Research Scientist/ Research Engineer

Collinear AI•Sunnyvale, CA

About The Position

About Collinear At Collinear , we help teams fearlessly ship AI. Frontier labs and AI-native companies use our SimLab to find capability gaps in their agents and generate high-quality data to close them. We believe that the next generation of AI progress won't come from just bigger models, but from more rigorous, long-horizon simulation and programmatic verification. SimLab allows researchers to spin up realistic environments, run agents through complex tasks, and surface failure modes under real-world conditions.
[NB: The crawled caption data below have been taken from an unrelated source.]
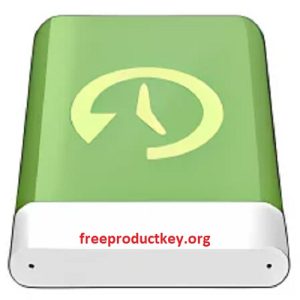 iSkysoft Data Recovery 5.5.8 Crack+ Registration Code [2024]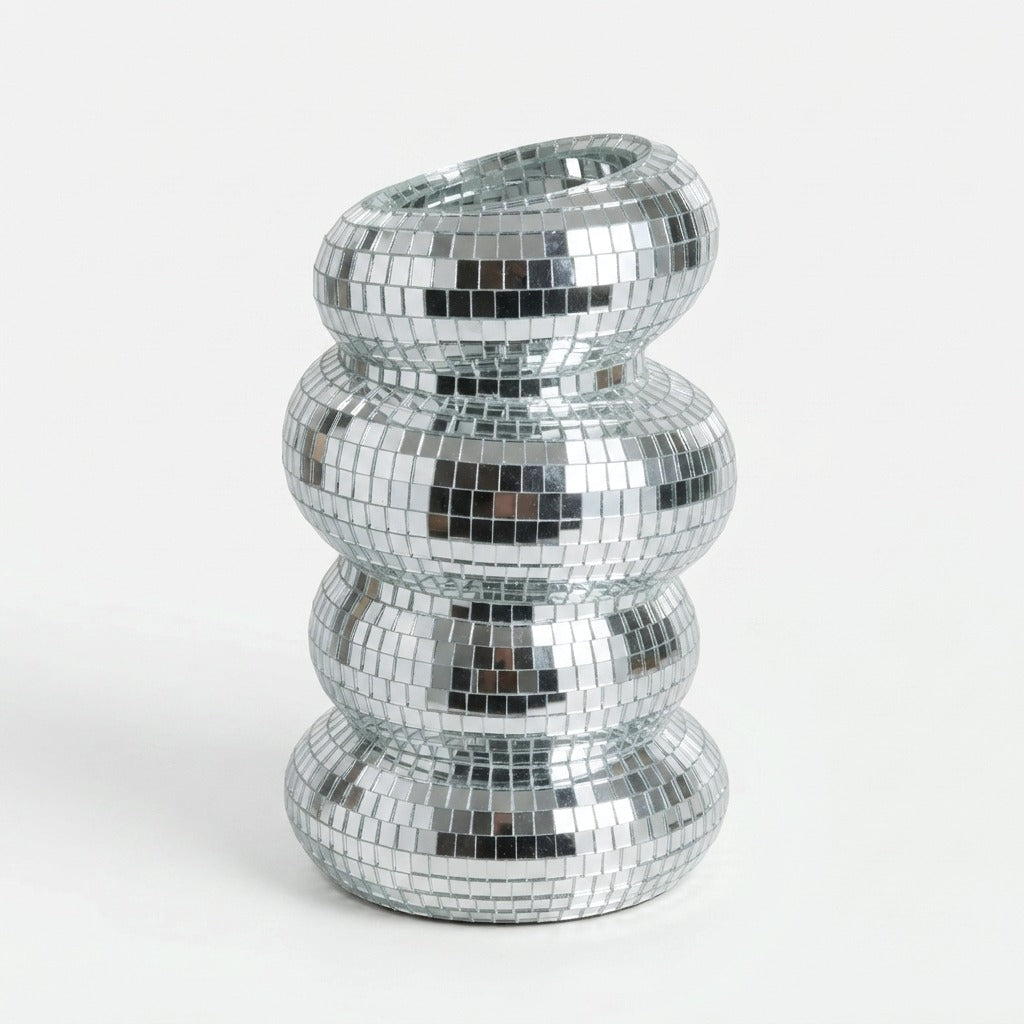Studio collection image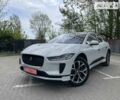 Білий Ягуар I-Pace, об'ємом двигуна 0 л та пробігом 120 тис. км за 26500 $, фото 11 на Automoto.ua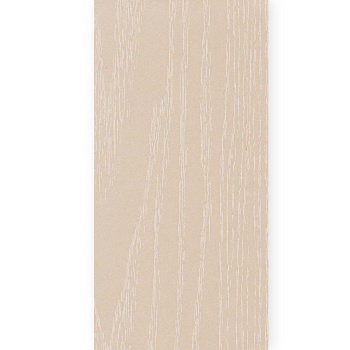 Панель МДФ 2600х238х6 мм Союз, ясень перламутр, 0.62 м² Панель МДФ 2600х238х6 мм Союз, ясень перламутр, 0.62 м²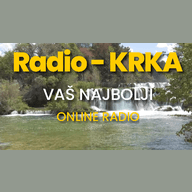 Radio Krka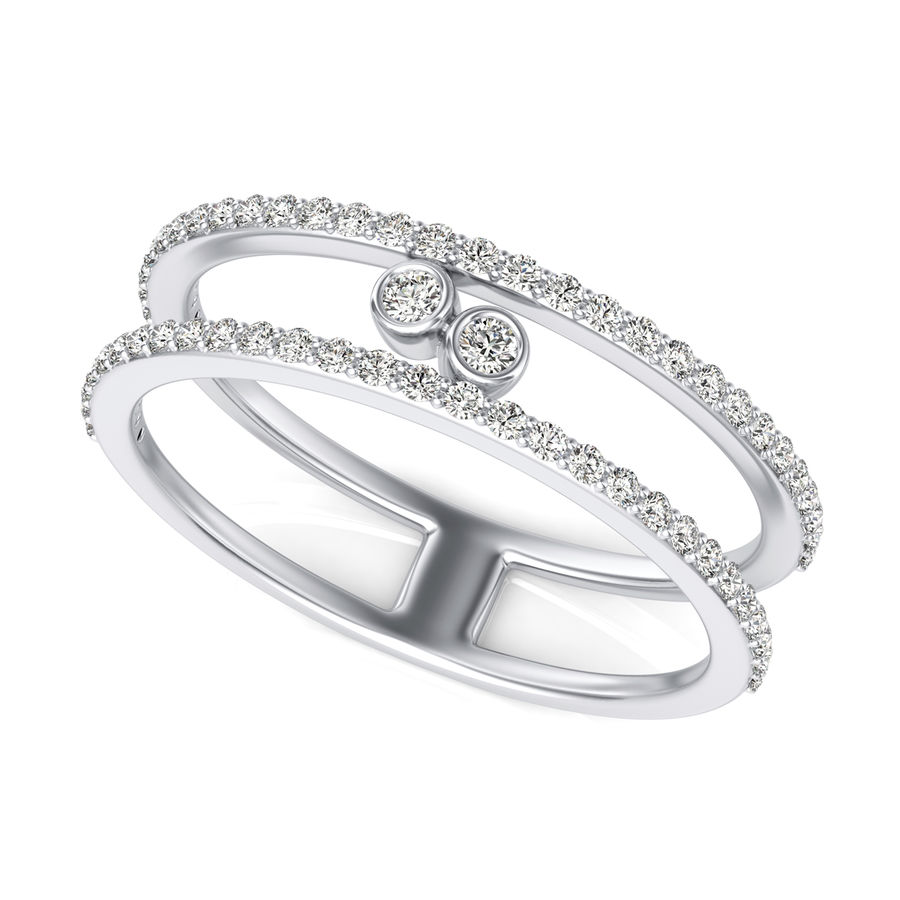 Fashion Ring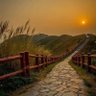 Фото профиля Yarına sadece bir gün kaldı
We then close the loop by generating targeted synthetic data to retrain models, delivering measurable quality lift on the metrics that actually matter. About the Role We are looking for Research Scientists and Research Engineers to help us build the data engine for frontier AI. In this role, you will bridge the gap between frontier research and production engineering. You will develop the high-fidelity environments and evaluation stacks that the world’s leading AI labs rely on to stress-test their most advanced agents. Your work will involve iterating on novel RL approaches and translating them into robust, scalable infrastructure that moves the needle on real-world model metrics.

Requirements

A Bachelor’s, Master’s, or PhD in a technical field (CS, Math, Physics, etc.), or a demonstrated "proof of work" through significant open-source contributions or industry experience.
A strong foundation in software engineering with the ability to build robust, scalable infrastructure. You should be comfortable in a Python-friendly, CLI-first development environment.
A principled understanding of foundation models, including how they are constructed, evaluated, and optimized.
Experience conducting research or technical experiments with a focus on reproducibility and data-driven results.

Nice To Haves

Research Taste: You have a strong intuition for identifying what matters in complex problem spaces. You can balance deep research exploration with the pragmatism needed to ship a product.
Impact-Driven Agency: You care about outcomes, not just activity. You don't wait for a ticket; you identify gaps in the system, build the solution, and ensure it moves real-world metrics for frontier AI labs.
Prior experience with Reinforcement Learning (RLHF/RLAIF), simulation systems, or building long-horizon agentic environments.
A history of contributing to influential ML research (e.g., publications at NeurIPS, ICLR, ICML) or maintaining high-impact open-source projects.
Experience fine-tuning or evaluating large-scale models to deliver "frontier performance" on open-source benchmarks.

Responsibilities

Build Agentic Environments: Design and implement the next generation of "SimLabs", ultra-realistic, long-horizon simulation environments where agents learn to navigate ambiguity and maintain context.
Programmatic Verification: Develop rigorous, policy-aware judges and evaluations that measure genuine capability and safety beyond simple benchmarks.
Close the Loop: Design and execute high-quality post-training runs (CPT, SFT, RL) to deliver frontier performance on open-source models using curated, high-signal data.
Rapid Iteration: Debug and iterate across the full ML stack, from infrastructure to model behavior, ensuring our tools remain "command-line first" and developer-friendly.
Collaborate: Work daily with the founders and research staff to shape the roadmap and push the state-of-the-art in AI reliability.